Stack Based Virtual Machines - 6
This post is part of the Stack Based Virtual Machines series.
In the previous part we have implemented an “if” and a “while” statement. In this part, we’ll extend our virtual machine and add support for function calls!
The status of the code at the time of this article can be seen on GitHub.
Calling a function
A function is generally nothing more than a particular address that the code jumps to. However, in some virtual machines such as the JVM, a function has some associated metadata (such as the number of arguments, or the maximum size the stack will contain during the function’s execution). To keep things simple, we aren’t going to implement something like that and we’ll stick with the simplest implementation that works.
Calling a function is, generally, similar to doing a jump. The main difference is that, when a function is called, the return address is saved someplace and used to return to the caller. The general procedure is:
- functions arguments are saved “somewhere”
- the function call happens: the current address is saved “somewhere” and then the CPU jumps to the function’s start address
- when a special return instruction is found, the previous saved address is “found” and a jump happens.
Since our CPU does not support randomized stack access (meaning it can only access to the stack’s head), we need to implement some special support for saving the current address, just as we have done for local variables. This is the same thing that the JVM does. A real x86 CPU, however, can access any position on the stack, so the return address is simply pushed and popped from the stack.
Anyway, let’s start by seeing some tests:
@Test
public void testFunctionCallNoArgumentsNoReturn() {
// addresses 0 1 2 3
CPU cpu = new CPU(CALL, 3, HALT, RET);
assertProgramRunsToHaltAndInstructionAddressIs(cpu, 3);
assertStackIsEmpty(cpu);
}
@Test
public void testFunctionCallNoArgumentsReturnsInt() {
// addresses 0 1 2 3 4 5
CPU cpu = new CPU(CALL, 3, HALT, PUSH, 7, RET);
assertProgramRunsToHaltAndInstructionAddressIs(cpu, 3);
assertStackContains(cpu, 7);
}
@Test
public void testFunctionDoublesGivenArgument() {
// addresses 0 1 2 3 4 5 6 7 8 9 10
CPU cpu = new CPU(PUSH, 3, CALL, 5, HALT, PUSH, 2, MUL, RET);
assertProgramRunsToHaltAndInstructionAddressIs(cpu, 5);
assertStackContains(cpu, 6);
}
The first test implements the most trivial of functions. We have introduced two new instructions in our VM: a CALL instruction that saves the current address and jumpts to the function’s starting address, and a RET function to return.

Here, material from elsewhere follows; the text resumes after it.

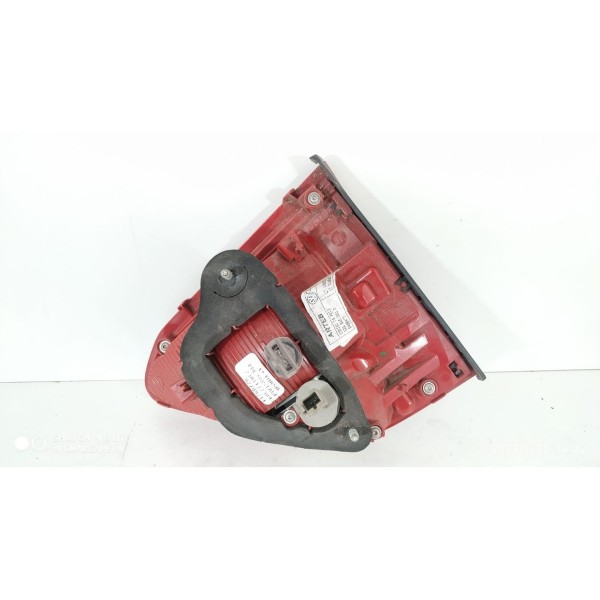 Lanterna Vw Fox Esquerda Tampa Traseira 2015 Original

These instructions don’t alter the stack, so a function can return a value (or even more than one) by simply pushing them to the stack, as it is done in the second test. Similarly, we can pass arguments to a function by just pushing them to the stack, as it is done in the third test.
Implementation
The implementation is quite simple. If you recall, our CPU has the concept of “current frame of execution”, implemented by a Frame class. Let’s start by extending it so that it can contain also the return address
public class Frame {
private final Map<Integer, Integer> variables = new HashMap<>();
private final int returnAddress;
public Frame(int returnAddress) {
this.returnAddress = returnAddress;
}
public int getVariable(int varNumber) {
return variables.getOrDefault(varNumber, 0);
}
public void setVariable(int varNumber, int value) {
variables.put(varNumber, value);
}
public int getReturnAddress() {
return returnAddress;
}
}
Now we can modify our CPU class to have a stack of frames:
- private Frame currentFrame = new Frame();
+ private Stack<Frame> frames = new Stack<>();
public CPU(int... instructions) {
checkArgument(instructions.length > 0, "A program should have at least an instruction");
this.program = instructions;
+ this.frames.push(new Frame(0)); // Prepare the initial frame
}
A new Frame will be pushed for each function call, and popped when the function returns. This allows us to implement local variables, even for recursive function calls: each function on the call stack has its own, private Frame and thus variables.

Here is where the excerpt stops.